Regierung Monti – Interessenvertreter der Bourgeoisie

Monti, undemokratisch eingesetzter Technokrat - er selbst ist mit seiner persönlichen Geschichte ein Paradebeispiel neoliberaler Ideologie.

Tatsächlich handelt Mario Monti, neuer Regierungschef in Italien, auch genau nach deren Interessen. Nicht demokratisch gewählt sondern auf Druck von außen eingesetzt, früherer Berater der Investmentbank Goldmann Sachs, nun neoliberales Zugpferd für Italiens Politik. Auch das Parlament hat unter der Bevölkerung keinen guten Stand mehr und wird gemein hin nur noch die „Kaste“ genannt.

Das Programm Montis ist so auch ganz nach der neoliberalen Schule gestaltet:

  • Privatisierung staatlicher Unternehmen
  • Liberalisierungen in verschiedenen Branchen (Banken-, Tankstellen-, Apotheken- und Taxigewerbe
  • Erhöhung von Benzin-, Tabak-, und Mehrwertsteuer, Grundsteuer auf das erste Haus
  • Erhöhung des Renteneintrittsalters sowie absenken des Rentenniveaus
  • Angriffe auf Arbeitsrechte wie Kündigungsschutz und Aushebeln von Tarifverträgen
  • Einsparungen im Öffentlichen Dienst von 24 Milliarden an Stellen, Gehältern, Sozialleistungen und Bildung

Insgesamt ein harter Schlag für die arbeitende Bevölkerung, die Pensionäre und Jugendlichen des krisengeschüttelten Landes. Das offensichtliche Problem ist jedoch, dass der IWF schon jetzt mit einem Wirtschaftsrückgang von 2,2 Prozent rechnet und dieses Paket nicht gerade zu einer Besserung der Konjunktur im Sinne der italienischen Bevölkerung beitragen wird. Die Zulassung von Neuwagen sanken um auf 18,9%, die Einzelhandelsumsätze sanken seit 2008 um 6,3% – solche Maßnahmen haben zahlreiche Länder Südamerikas in den Ruin stürzen lassen. Sein Kommentar im Fernsehen zum Aufbrechen des Kündigungsschutzes blanker Hohn: Man müsse sich von der Idee eines festen Arbeitsverhältnisses verabschieden, und eine Festanstellung sei doch eintönig.

Und dennoch wird noch nicht geschlossen gegen den gefährlichen Technokraten vorgegangen. Im Gegenteil erfreute er sich noch einer gewissen Beliebtheit, da er schließlich den verhassten Vorgänger Berlusconi aus dem Amt verdrängte und mit seinem kompromisslosen Führungsstil besondere Schlagkraft bewies. Für die Presse stellt er die Rettungsfigur der italienisch-europäischen Tragödie dar, obwohl keiner so genau weiß, was denn seine Politik so genau für Auswirkungen haben wird. Wichtig ist nur: Zielgerichtet und so wirtschaftsliberal wie möglich. Die Einzigen, die profitieren sind die Kapitalisten Europas, das deutsche Kapital im speziellen. Der Vergleich mit anderen Ländern bezüglich der Auswirkungen dieser Politik, wird daher bewusst von den bürgerlichen Medien vermieden!

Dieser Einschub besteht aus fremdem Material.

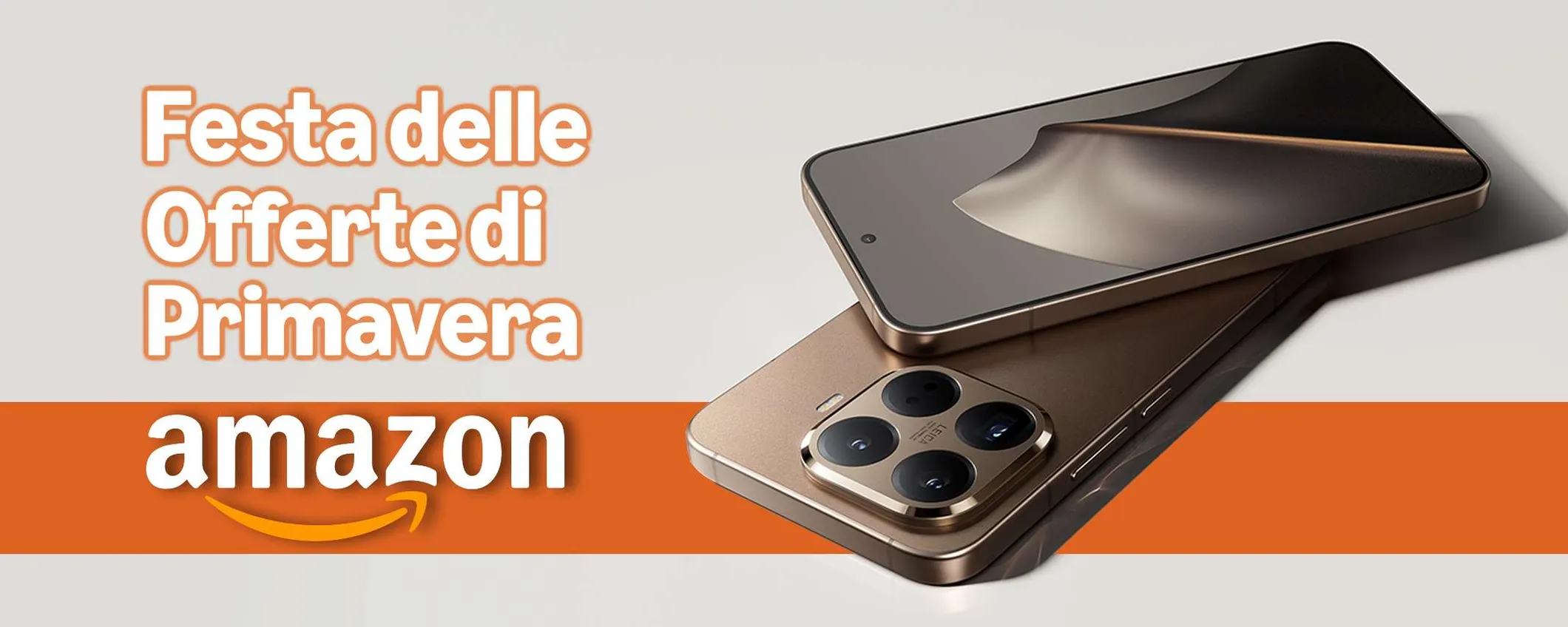 Xiaomi 15T Pro con 200€ di sconto: AFFARONE a meno di 600€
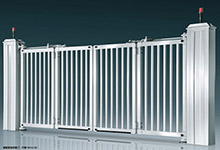 熱烈祝賀盤錦出安智能電動門進(jìn)駐盤錦遼河左岸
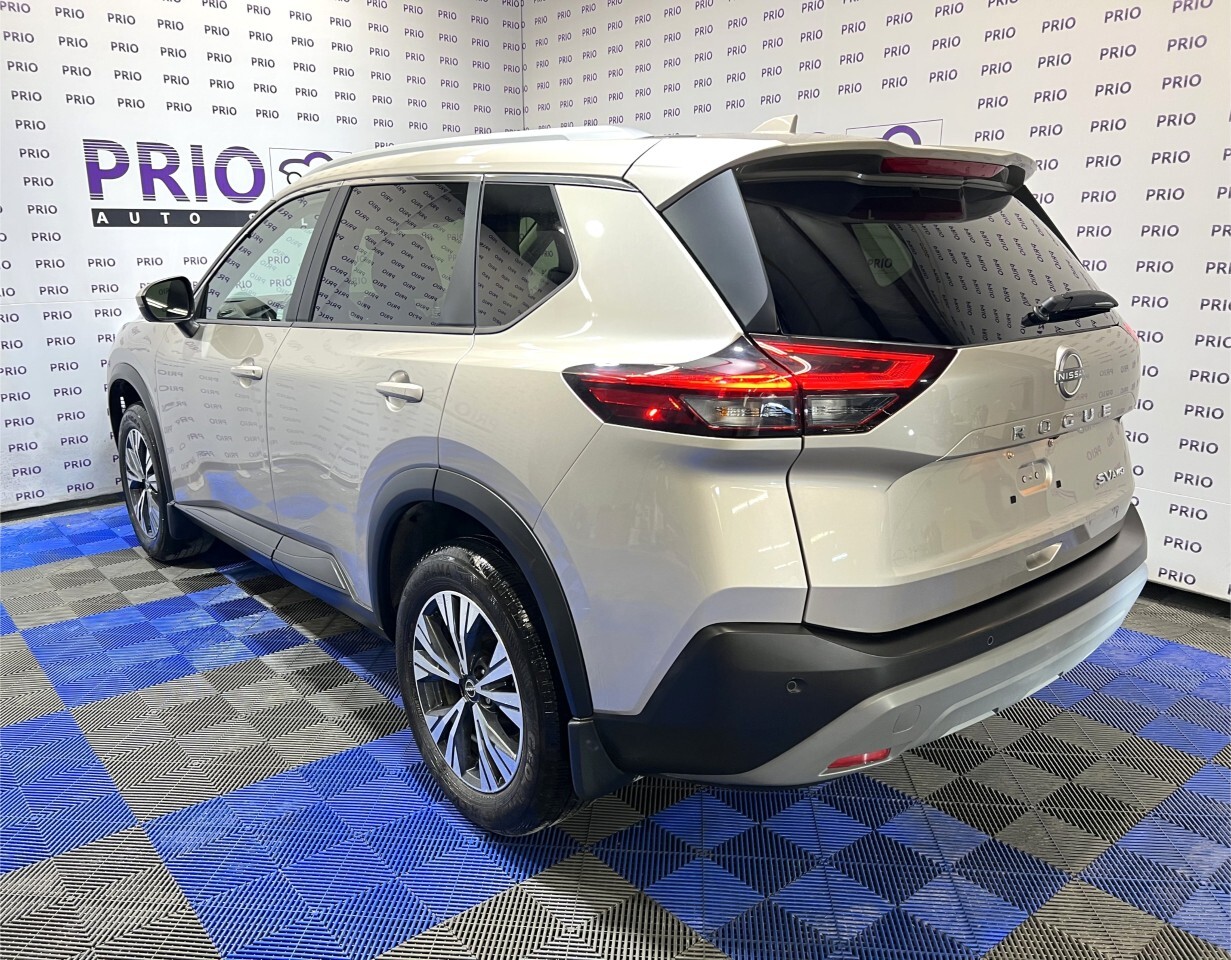 Nissan Rogue 2023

Die Rolle der italienischen Gewerkschaften

Die momentan einzige Kritik der bürokratischen Gewerkschaftsführung besteht darin zu bemängeln, dass sie nicht an den Verhandlungen über neue Kürzungen beteiligt wurden – für sinnvolle Sparmaßnahmen gegen die eigenen ArbeiterInnen sei man ja schließlich offen.Während die aktuelle Führung aus Sozialdemokraten und Gewerkschaftsbürokratie die „eigene Nation“, sprich das „eigene“ herrschende Klasse retten will, brodelt es hingegen an der Basis!

Ihnen ist sehr wohl klar, dass sie, wie der Rest Europas auch, von einer gravierenden politischen Entrechtung und einem sozialen Abstieg bedroht sind, wie in Griechenland und Spanien bereits gesehen. Es war dieser Druck der Basis, der am 12. Dezember letzten Jahres zum Generalstreik führte. Bisher hatte die reformistische Führung der Arbeiterklasse jedoch, noch genug bürokratische Machtmittel und Zuspruch der Basis um militantere Aktionen auszubremsen oder im Sande verlaufen zu lassen.

Kampf den Sparprogrammen und Reformen des Kapitals

Rom - 24 stündiger Generalstreik gegen die Sparpläne der Regierung.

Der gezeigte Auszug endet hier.